WORK INSTRUCTION: Reproduce the listing word for word, leaving every picture behind.

DATA BLOCK:
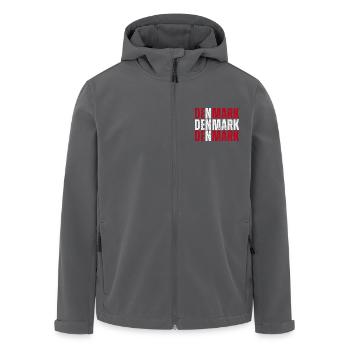 Drapeau du Danemark, fierté danoise - Veste softshell homme en polyester recyclé Stanley/Stella - noir - Devant - AI Model Male 185 light (185cm)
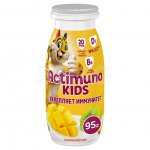 Напиток кисломолочный Actimuno Kids тропический микс 1.5% (95 г)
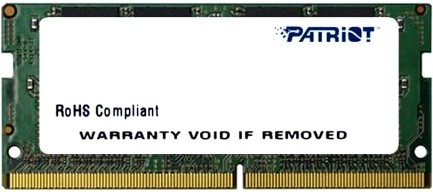 Оперативная память для ноутбука 16Gb Patriot Signature PSD416G240081S, SODIMM DDR IV, PC-19200, 2400MHz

RESPONSE TO THE EXERCISE:
 Drapeau du Danemark, fierté danoise - Veste softshell homme en polyester recyclé Stanley/Stella - noir - Devant - AI Model Male 185 light (185cm)
 Напиток кисломолочный Actimuno Kids тропический микс 1.5% (95 г)
 Оперативная память для ноутбука 16Gb Patriot Signature PSD416G240081S, SODIMM DDR IV, PC-19200, 2400MHz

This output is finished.